- Data extract:
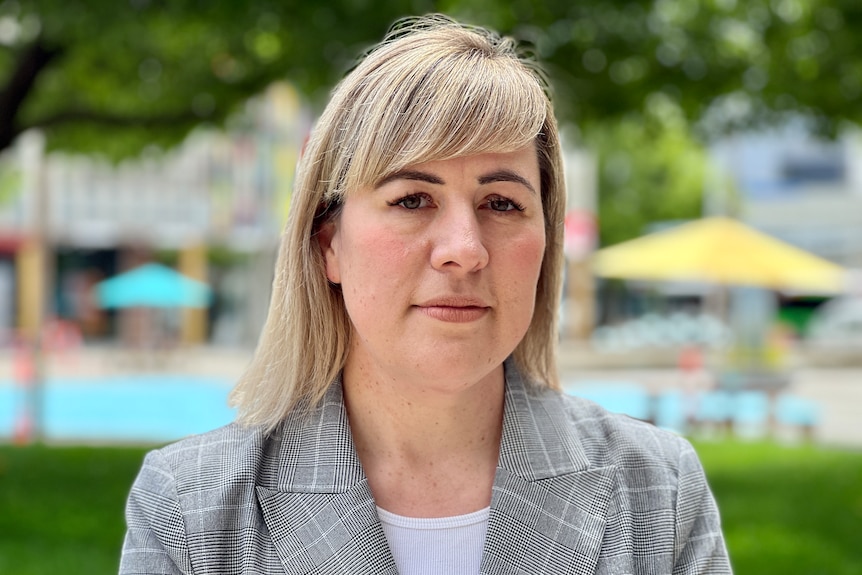 A woman with blonde hair looks concerned.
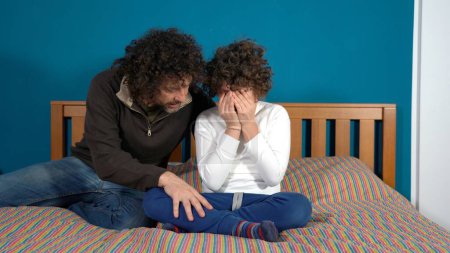 9-jähriger Junge weint im Schlafzimmer, während sein Vater versucht, ihn zu beruhigen 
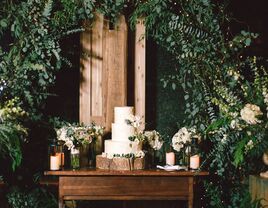 Three-tier rustic wedding cake on tree stump stand under greenery arch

- Work order: Print out the material word for word, omitting the pictures.

- Response for this exercise:
 A woman with blonde hair looks concerned.
 9-jähriger Junge weint im Schlafzimmer, während sein Vater versucht, ihn zu beruhigen 
 Three-tier rustic wedding cake on tree stump stand under greenery arch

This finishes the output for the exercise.